I think there are a couple of things going on here. Partly it’s an argument based in fact — to a degree. If I look around at some of the newer breweries opening up, certainly many of them are experimenting with new styles, processes, flavours and aromas. They’re trying some things we don’t see from the more established breweries, whose brands are longstanding. (I’m being careful not to name names here as my point is a general one and not directed at any specific breweries.)

But I also think the argument falls prey somewhat to Shiny New Thing Syndrome (SNTS). We in the beer world are often predisposed to like a beer we haven’t tried before. It’s why we embrace seasonals and rush to the store to pick up a new arrival. So it fits that we’ll be quick to try the brewery that just opened up. And that’s completely fair.

Unfortunately, the flip side of that tendency is to sub-consciously downgrade that which we’ve had many times over. It simply isn’t as exciting. But not as exciting is not the same as poorer quality. It’s still the beer it always was — it is us that have shifted.
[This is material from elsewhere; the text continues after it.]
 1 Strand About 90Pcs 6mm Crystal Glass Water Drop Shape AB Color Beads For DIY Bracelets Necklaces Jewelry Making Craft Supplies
Second, I think the argument falls victim to selective vision. We are likely to ooh and aah over that new brewery’s sour beer, aromatic IPA, DIPA or big stout. It can be easy to forget that same new brewery also has a blonde ale, pale lager, or session ale as part of their line-up — and those are often their best-selling beer. So, are they all that different than the older brewery, which is also likely to have some interesting seasonals and one-offs in addition to their mainstays?
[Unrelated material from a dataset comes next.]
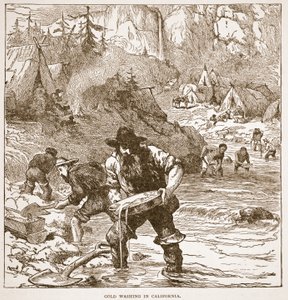 Gold Washing Kaliforniassa, kirjapubista. 1896 tekijältä American School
My point is: there’s a tendency to cherry-pick the new brewery’s most interesting beer and compare it to the older brewery’s most mainstream beer, which is unfair.

To extend that point further, the argument also discounts a basic reality about selling beer in Western Canada. No matter how creative you are, no matter how interested you are in pushing boundaries, if you want to operate a brewery that produces a decent volume (there are different rules for very, very small nano-breweries), you must have at least one beer in your line-up that has a broader reach to consumers who are new to craft beer.

I often hear negative comments about older breweries’ reliance on fruit beer or a light-bodied ale/lager. The commenters seem to blame the brewery for making such a “boring” beer. This criticism forgets two key things. First, it forgets that customers — not breweries — decide what the most popular beers are. Why should/would a brewery ditch a beer that people clearly like, especially if its success creates space for them to play around with more adventurous beer? They’re not homebrewers. They can’t just brew what they like; a brewery has to be viable financially.

Second and maybe more important: the comments reveal snobbery. Sure, fruit beer isn’t my go-to style by any stretch, but as a beer judge and experienced beer drinker, I am well aware my preferences are not the point — at least in terms of evaluation. The only question that matters is: how well made is that fruit beer? You might like IPAs — and that’s fine — but don’t criticize a brewery for making a decent blonde ale.

Much of the discussion of new breweries versus old breweries is a false dichotomy, in my mind. They actually have more in common than you might think. Both are trying to appeal to a wide range of beer drinkers, and that’s not easy.

So maybe, just maybe, it’s time give the old standards a bit of a break.